WHAT THE TASK REQUIRES
Say how many lines in the entries below mention "Pixel", with no other words.

DATA FOR THE TASK

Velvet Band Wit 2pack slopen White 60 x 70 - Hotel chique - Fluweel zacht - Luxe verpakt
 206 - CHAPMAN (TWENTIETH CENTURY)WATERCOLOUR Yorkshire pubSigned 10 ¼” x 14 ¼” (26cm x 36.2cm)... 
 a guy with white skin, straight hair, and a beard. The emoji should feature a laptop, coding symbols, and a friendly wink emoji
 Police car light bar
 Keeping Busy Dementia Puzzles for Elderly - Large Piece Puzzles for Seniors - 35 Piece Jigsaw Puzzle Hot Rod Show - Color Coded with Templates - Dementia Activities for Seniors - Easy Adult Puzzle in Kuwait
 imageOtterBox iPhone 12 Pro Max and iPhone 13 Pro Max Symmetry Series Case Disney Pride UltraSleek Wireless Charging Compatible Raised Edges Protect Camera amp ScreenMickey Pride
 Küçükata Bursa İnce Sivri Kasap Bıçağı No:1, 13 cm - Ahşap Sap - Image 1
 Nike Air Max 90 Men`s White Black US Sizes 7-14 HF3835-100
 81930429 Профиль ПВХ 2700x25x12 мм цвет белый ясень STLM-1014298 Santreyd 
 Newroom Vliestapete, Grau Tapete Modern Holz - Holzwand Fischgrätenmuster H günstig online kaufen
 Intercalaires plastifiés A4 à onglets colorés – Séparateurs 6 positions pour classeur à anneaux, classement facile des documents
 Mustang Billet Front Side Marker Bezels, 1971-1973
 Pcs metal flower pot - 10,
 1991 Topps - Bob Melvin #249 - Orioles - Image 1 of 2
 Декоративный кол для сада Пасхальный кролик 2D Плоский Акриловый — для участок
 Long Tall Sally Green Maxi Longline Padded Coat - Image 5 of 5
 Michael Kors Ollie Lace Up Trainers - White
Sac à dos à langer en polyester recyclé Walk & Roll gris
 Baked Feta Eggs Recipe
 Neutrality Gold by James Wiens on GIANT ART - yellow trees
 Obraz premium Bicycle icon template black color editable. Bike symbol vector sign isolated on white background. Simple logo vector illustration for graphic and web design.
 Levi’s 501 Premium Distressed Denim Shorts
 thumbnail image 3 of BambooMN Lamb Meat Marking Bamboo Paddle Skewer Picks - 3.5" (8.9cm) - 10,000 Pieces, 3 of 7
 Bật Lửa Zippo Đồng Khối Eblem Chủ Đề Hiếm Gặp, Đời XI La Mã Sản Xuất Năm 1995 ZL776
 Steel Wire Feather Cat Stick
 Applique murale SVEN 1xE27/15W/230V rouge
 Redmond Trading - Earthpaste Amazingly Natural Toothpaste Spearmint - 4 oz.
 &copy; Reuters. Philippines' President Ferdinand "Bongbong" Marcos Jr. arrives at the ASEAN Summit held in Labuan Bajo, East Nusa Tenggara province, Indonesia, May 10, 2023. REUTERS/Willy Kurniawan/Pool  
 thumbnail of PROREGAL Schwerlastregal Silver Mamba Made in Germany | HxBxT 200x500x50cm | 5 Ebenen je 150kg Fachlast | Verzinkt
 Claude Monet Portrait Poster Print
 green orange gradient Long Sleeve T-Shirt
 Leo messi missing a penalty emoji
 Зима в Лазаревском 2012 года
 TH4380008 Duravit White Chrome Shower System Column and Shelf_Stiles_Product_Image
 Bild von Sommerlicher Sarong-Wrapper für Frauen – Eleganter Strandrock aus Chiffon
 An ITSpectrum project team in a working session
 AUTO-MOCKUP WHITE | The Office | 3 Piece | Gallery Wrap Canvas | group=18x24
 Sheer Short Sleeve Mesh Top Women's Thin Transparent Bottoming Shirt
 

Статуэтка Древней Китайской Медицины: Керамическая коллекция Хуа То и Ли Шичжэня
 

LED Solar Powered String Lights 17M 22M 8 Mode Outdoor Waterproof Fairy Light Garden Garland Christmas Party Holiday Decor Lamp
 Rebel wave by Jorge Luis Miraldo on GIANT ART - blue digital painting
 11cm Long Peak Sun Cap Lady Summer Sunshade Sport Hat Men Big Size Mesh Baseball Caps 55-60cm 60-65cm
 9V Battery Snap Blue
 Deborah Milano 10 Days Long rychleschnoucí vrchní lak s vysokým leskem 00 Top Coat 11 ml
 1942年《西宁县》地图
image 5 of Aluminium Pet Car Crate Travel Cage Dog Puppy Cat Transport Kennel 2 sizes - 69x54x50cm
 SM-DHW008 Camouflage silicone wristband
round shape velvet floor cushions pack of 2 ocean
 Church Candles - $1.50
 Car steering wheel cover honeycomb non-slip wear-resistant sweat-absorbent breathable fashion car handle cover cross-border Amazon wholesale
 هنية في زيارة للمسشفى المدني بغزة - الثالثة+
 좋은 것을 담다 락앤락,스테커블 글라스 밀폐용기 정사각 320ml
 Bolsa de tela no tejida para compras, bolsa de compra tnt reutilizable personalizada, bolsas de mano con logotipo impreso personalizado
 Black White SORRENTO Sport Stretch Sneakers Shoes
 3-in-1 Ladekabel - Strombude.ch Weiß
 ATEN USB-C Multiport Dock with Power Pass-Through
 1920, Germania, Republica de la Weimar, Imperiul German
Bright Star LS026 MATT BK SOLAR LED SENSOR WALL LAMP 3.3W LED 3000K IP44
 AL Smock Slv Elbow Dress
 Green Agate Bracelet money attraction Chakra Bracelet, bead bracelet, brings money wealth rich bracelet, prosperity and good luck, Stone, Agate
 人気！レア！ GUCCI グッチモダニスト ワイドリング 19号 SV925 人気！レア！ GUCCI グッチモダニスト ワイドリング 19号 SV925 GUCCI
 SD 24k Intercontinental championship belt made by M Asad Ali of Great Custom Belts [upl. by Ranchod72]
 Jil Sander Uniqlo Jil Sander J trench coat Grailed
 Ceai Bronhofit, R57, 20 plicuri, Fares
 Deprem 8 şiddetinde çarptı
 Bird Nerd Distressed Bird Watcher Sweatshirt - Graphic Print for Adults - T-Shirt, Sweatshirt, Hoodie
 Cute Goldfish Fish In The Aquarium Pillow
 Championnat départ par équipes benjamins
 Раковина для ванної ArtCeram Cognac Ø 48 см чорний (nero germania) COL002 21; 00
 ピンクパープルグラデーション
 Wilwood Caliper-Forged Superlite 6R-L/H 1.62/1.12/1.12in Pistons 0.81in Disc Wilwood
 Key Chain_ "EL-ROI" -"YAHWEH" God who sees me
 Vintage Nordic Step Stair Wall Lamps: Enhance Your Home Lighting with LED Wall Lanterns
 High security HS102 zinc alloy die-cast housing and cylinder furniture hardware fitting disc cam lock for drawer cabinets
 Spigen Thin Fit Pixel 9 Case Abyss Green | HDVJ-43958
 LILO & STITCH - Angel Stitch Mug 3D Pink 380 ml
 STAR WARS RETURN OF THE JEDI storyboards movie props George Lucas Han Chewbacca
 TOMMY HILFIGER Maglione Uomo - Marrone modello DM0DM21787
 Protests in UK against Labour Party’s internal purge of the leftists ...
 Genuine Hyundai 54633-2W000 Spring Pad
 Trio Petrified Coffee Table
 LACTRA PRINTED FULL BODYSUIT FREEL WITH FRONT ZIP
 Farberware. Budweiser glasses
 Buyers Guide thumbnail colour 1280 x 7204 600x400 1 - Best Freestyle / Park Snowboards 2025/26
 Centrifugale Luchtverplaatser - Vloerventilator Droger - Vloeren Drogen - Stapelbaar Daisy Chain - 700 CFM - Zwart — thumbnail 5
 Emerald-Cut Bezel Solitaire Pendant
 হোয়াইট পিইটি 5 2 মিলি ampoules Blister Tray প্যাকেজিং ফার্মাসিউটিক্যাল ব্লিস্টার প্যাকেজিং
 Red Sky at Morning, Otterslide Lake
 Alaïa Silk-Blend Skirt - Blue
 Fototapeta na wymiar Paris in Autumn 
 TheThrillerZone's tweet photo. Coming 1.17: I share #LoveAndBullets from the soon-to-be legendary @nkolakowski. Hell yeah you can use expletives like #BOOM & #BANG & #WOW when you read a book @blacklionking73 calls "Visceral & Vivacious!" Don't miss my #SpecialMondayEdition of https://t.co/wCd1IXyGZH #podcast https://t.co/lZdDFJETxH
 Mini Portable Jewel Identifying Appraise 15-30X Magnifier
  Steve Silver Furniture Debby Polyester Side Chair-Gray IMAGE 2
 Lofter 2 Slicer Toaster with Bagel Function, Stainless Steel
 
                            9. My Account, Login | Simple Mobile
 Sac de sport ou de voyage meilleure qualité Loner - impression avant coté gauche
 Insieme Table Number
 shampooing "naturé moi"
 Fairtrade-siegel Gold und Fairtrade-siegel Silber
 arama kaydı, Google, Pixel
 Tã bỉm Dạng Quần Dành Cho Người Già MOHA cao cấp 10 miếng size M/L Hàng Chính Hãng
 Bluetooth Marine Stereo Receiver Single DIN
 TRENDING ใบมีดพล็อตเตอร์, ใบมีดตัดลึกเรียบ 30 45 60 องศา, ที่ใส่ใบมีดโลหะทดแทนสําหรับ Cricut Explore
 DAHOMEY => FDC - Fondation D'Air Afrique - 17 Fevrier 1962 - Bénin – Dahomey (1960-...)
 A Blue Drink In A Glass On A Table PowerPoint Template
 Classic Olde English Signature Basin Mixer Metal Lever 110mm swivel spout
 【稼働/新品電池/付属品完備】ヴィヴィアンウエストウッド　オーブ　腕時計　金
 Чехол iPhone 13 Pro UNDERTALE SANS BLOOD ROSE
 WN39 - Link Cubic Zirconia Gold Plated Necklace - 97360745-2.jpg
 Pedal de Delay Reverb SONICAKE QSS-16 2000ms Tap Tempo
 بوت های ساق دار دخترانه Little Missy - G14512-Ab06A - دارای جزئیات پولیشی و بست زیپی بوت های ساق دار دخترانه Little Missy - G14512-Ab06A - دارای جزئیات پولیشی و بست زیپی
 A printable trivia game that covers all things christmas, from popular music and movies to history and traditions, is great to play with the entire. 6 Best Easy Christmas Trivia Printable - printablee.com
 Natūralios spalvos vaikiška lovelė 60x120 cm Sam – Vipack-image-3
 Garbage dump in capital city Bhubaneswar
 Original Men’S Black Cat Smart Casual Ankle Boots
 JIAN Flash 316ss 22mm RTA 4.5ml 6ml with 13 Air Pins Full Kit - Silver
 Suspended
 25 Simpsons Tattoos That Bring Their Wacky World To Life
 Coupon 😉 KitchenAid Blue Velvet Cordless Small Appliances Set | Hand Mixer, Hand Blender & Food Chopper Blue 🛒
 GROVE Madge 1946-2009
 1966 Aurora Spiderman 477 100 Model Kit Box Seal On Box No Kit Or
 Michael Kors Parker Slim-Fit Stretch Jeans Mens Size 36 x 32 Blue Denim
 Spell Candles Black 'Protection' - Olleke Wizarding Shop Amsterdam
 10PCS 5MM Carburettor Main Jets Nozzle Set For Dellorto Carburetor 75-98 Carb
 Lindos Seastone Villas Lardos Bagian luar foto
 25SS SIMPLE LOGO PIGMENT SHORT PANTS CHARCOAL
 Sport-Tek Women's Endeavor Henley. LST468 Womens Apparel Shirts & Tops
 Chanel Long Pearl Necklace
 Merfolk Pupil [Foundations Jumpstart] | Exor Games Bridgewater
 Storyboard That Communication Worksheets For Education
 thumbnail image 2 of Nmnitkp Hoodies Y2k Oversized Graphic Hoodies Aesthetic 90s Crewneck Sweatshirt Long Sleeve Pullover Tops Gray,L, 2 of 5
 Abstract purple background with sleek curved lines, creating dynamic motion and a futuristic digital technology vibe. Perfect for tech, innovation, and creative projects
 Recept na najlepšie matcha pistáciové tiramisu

SOLUTION FOR THIS TASK
2